[INSTRUCTIONS TO FOLLOW]: Every record here needs to be retyped exactly.

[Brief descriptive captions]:
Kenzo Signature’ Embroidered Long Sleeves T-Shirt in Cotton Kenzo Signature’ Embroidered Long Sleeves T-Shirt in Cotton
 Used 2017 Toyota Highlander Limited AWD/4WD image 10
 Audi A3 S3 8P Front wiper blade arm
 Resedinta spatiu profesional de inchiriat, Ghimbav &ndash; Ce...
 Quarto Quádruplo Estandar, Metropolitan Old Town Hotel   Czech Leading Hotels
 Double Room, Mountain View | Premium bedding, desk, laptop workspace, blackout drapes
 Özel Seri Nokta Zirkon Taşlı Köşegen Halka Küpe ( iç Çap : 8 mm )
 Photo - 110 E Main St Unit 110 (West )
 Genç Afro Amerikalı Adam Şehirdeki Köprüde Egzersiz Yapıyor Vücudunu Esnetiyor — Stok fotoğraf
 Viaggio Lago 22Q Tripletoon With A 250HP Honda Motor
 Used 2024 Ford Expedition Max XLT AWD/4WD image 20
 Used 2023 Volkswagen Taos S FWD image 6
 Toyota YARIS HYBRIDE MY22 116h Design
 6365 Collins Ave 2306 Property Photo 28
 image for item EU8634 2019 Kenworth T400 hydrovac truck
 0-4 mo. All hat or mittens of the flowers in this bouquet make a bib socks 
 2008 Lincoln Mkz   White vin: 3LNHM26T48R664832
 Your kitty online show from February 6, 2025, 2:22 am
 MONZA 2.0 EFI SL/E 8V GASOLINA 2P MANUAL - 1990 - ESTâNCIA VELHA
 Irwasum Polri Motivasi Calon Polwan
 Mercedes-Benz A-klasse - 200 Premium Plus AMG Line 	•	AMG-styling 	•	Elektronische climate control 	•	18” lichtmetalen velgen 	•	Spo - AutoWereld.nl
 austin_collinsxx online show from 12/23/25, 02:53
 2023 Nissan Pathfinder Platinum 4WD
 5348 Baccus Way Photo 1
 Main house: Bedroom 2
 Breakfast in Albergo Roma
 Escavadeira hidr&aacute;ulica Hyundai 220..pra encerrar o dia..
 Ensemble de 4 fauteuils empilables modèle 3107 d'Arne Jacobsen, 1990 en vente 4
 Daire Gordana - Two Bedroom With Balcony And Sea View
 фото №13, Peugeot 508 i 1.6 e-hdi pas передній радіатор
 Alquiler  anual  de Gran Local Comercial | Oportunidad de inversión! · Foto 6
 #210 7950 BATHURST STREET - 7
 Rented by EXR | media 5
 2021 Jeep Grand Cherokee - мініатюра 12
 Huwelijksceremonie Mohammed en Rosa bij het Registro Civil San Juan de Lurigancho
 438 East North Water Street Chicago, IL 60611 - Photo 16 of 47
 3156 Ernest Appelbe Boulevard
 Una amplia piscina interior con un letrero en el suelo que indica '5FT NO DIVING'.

[RESPONSE TO THIS EXERCISE]:
Kenzo Signature’ Embroidered Long Sleeves T-Shirt in Cotton Kenzo Signature’ Embroidered Long Sleeves T-Shirt in Cotton
 Used 2017 Toyota Highlander Limited AWD/4WD image 10
 Audi A3 S3 8P Front wiper blade arm
 Resedinta spatiu profesional de inchiriat, Ghimbav &ndash; Ce...
 Quarto Quádruplo Estandar, Metropolitan Old Town Hotel   Czech Leading Hotels
 Double Room, Mountain View | Premium bedding, desk, laptop workspace, blackout drapes
 Özel Seri Nokta Zirkon Taşlı Köşegen Halka Küpe ( iç Çap : 8 mm )
 Photo - 110 E Main St Unit 110 (West )
 Genç Afro Amerikalı Adam Şehirdeki Köprüde Egzersiz Yapıyor Vücudunu Esnetiyor — Stok fotoğraf
 Viaggio Lago 22Q Tripletoon With A 250HP Honda Motor
 Used 2024 Ford Expedition Max XLT AWD/4WD image 20
 Used 2023 Volkswagen Taos S FWD image 6
 Toyota YARIS HYBRIDE MY22 116h Design
 6365 Collins Ave 2306 Property Photo 28
 image for item EU8634 2019 Kenworth T400 hydrovac truck
 0-4 mo. All hat or mittens of the flowers in this bouquet make a bib socks 
 2008 Lincoln Mkz   White vin: 3LNHM26T48R664832
 Your kitty online show from February 6, 2025, 2:22 am
 MONZA 2.0 EFI SL/E 8V GASOLINA 2P MANUAL - 1990 - ESTâNCIA VELHA
 Irwasum Polri Motivasi Calon Polwan
 Mercedes-Benz A-klasse - 200 Premium Plus AMG Line 	•	AMG-styling 	•	Elektronische climate control 	•	18” lichtmetalen velgen 	•	Spo - AutoWereld.nl
 austin_collinsxx online show from 12/23/25, 02:53
 2023 Nissan Pathfinder Platinum 4WD
 5348 Baccus Way Photo 1
 Main house: Bedroom 2
 Breakfast in Albergo Roma
 Escavadeira hidr&aacute;ulica Hyundai 220..pra encerrar o dia..
 Ensemble de 4 fauteuils empilables modèle 3107 d'Arne Jacobsen, 1990 en vente 4
 Daire Gordana - Two Bedroom With Balcony And Sea View
 фото №13, Peugeot 508 i 1.6 e-hdi pas передній радіатор
 Alquiler  anual  de Gran Local Comercial | Oportunidad de inversión! · Foto 6
 #210 7950 BATHURST STREET - 7
 Rented by EXR | media 5
 2021 Jeep Grand Cherokee - мініатюра 12
 Huwelijksceremonie Mohammed en Rosa bij het Registro Civil San Juan de Lurigancho
 438 East North Water Street Chicago, IL 60611 - Photo 16 of 47
 3156 Ernest Appelbe Boulevard
 Una amplia piscina interior con un letrero en el suelo que indica '5FT NO DIVING'.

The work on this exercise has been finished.